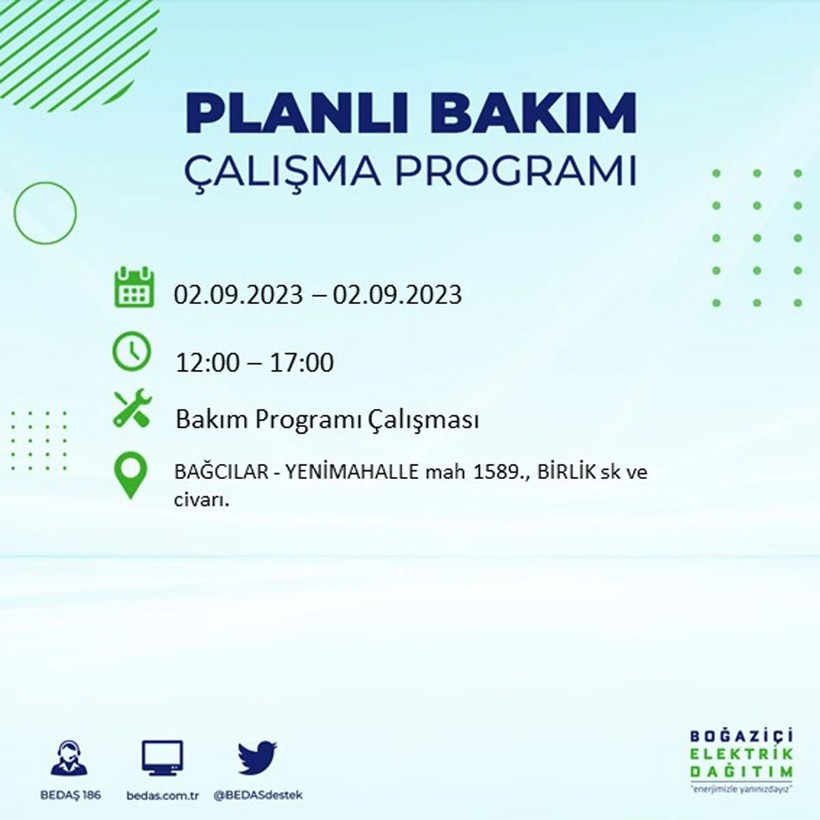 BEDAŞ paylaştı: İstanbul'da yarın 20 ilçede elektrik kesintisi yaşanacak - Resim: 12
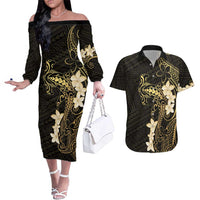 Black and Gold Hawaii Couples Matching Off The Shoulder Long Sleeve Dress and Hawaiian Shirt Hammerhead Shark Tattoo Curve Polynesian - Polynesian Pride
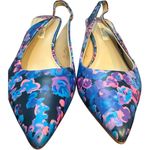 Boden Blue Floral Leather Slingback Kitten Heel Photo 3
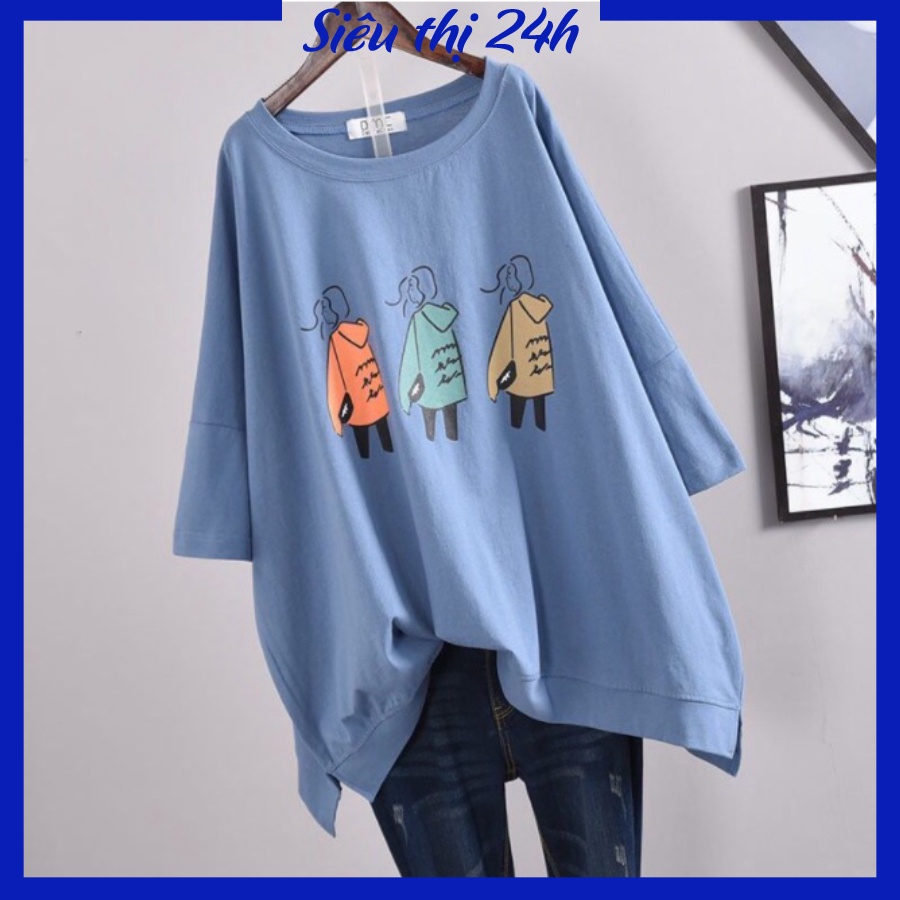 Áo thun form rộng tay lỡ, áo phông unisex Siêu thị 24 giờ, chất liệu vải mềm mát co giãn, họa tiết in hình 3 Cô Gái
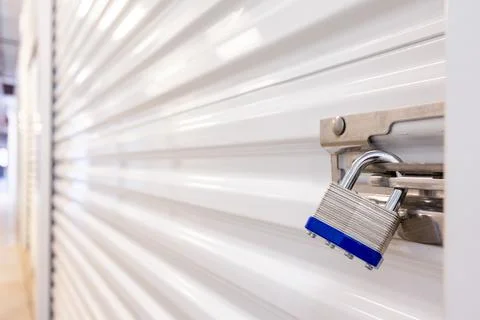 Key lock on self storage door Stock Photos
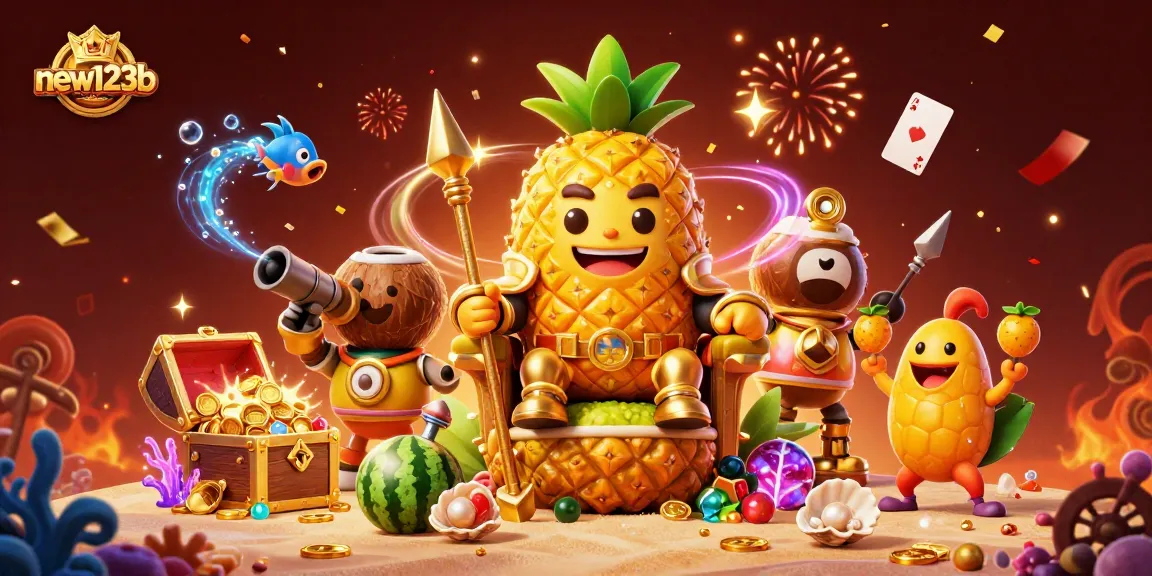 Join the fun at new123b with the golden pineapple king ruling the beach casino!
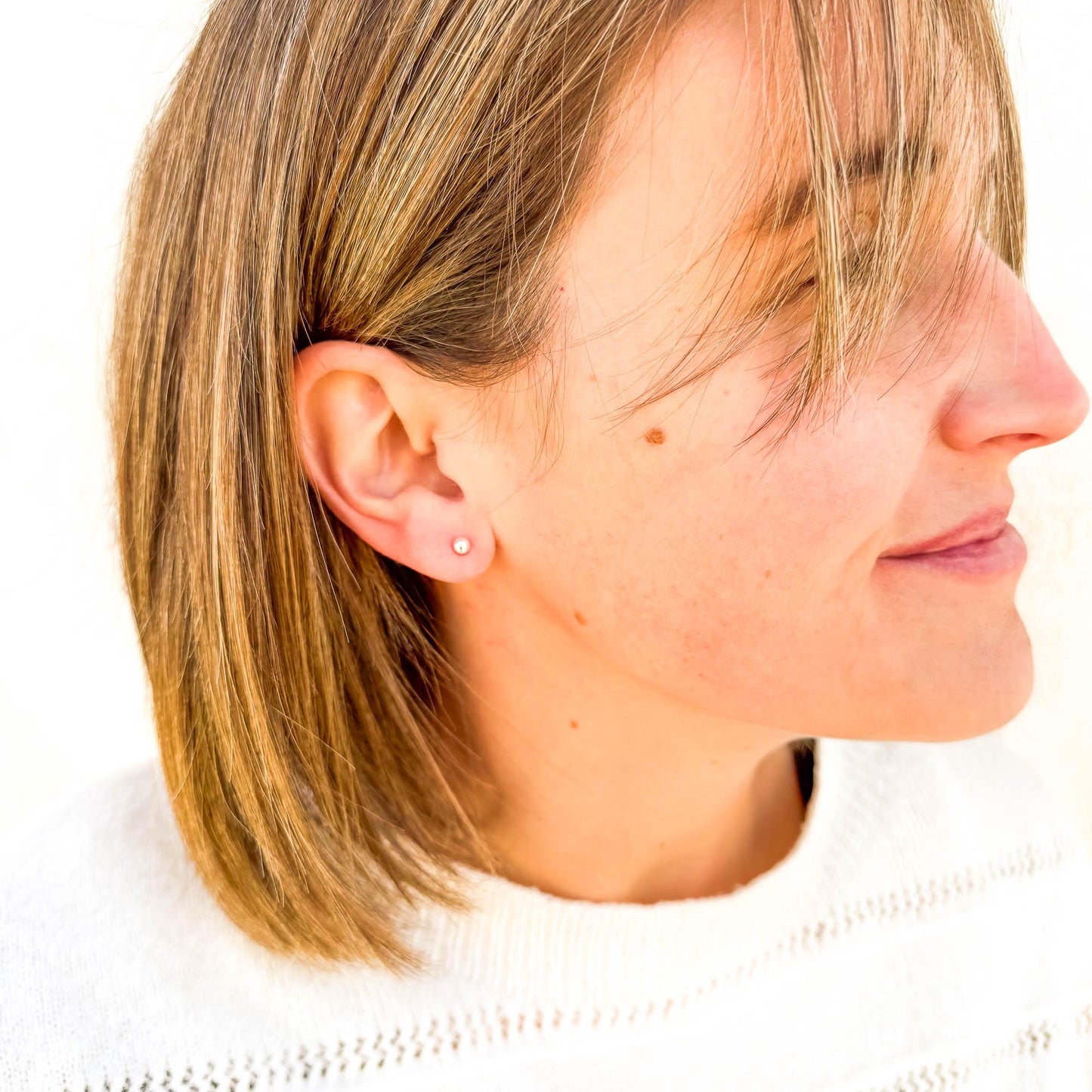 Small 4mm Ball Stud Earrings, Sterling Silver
....................
◆ PROBLEM STATEMENT ◆
Within the listing above, the lines starting at the one containing "Boden Blue Floral" and ending at the one containing "Key lock on self storage door Stock Photos" are to be returned exactly. Omit the pictures.

◆ EXPECTED ANSWER ◆
 Boden Blue Floral Leather Slingback Kitten Heel Photo 3
 Áo thun form rộng tay lỡ, áo phông unisex Siêu thị 24 giờ, chất liệu vải mềm mát co giãn, họa tiết in hình 3 Cô Gái
 Key lock on self storage door Stock Photos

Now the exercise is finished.